▶ _RAW DATA_
○ ○ ○ ○ ○
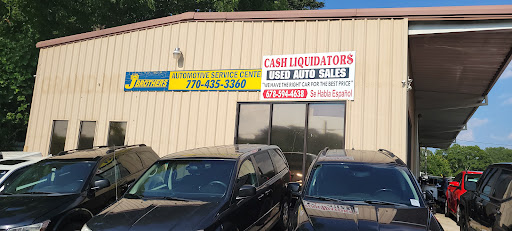 Cash Liquidators Auto Sales
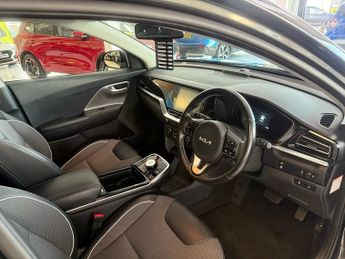 Kia Niro 64kWh 2 SUV 5dr Electric Auto (201 bhp)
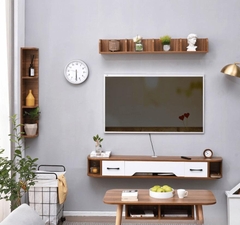 KỆ TIVI GỖ CÔNG NGHIỆP MDF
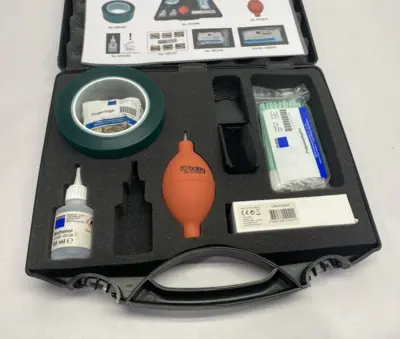 Used Trumpf Cleaning Set, Optics, FKL for Solid State Laser MISSING LIGHT Laser Accessories and Consumables Michigan US | Maverick Industrial Sales #1507313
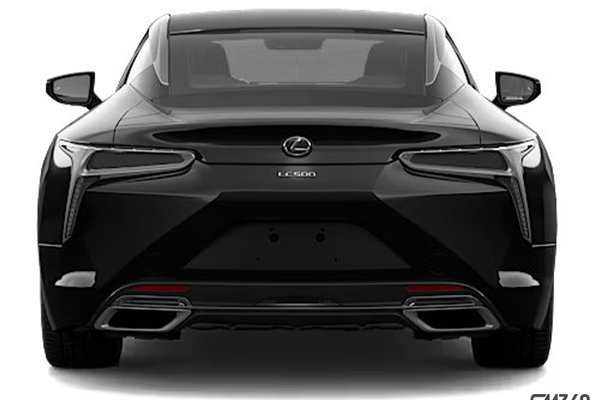 Lexus LC Performance Package 2026 - photo 1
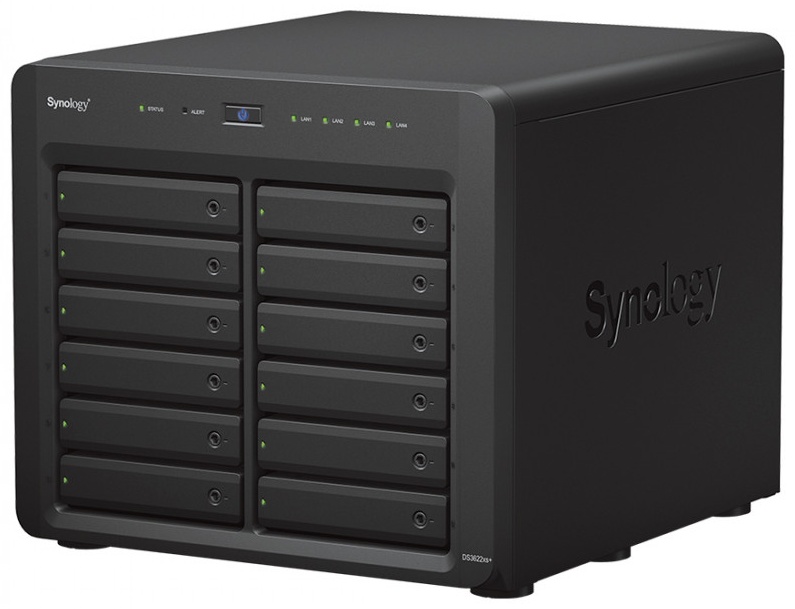 Сетевое хранилище Synology DS3622xs&amp;#43;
○ ○ ○ ○ ○
▶ _WORK TO BE COMPLETED_
Go to the line that contains "Used Trumpf Cleaning" and copy exactly from there through the last line of the records above, both included. Omit pictures.

▶ _RESULT FOR THIS TASK_
 Used Trumpf Cleaning Set, Optics, FKL for Solid State Laser MISSING LIGHT Laser Accessories and Consumables Michigan US | Maverick Industrial Sales #1507313
 Lexus LC Performance Package 2026 - photo 1
 Сетевое хранилище Synology DS3622xs&amp;#43;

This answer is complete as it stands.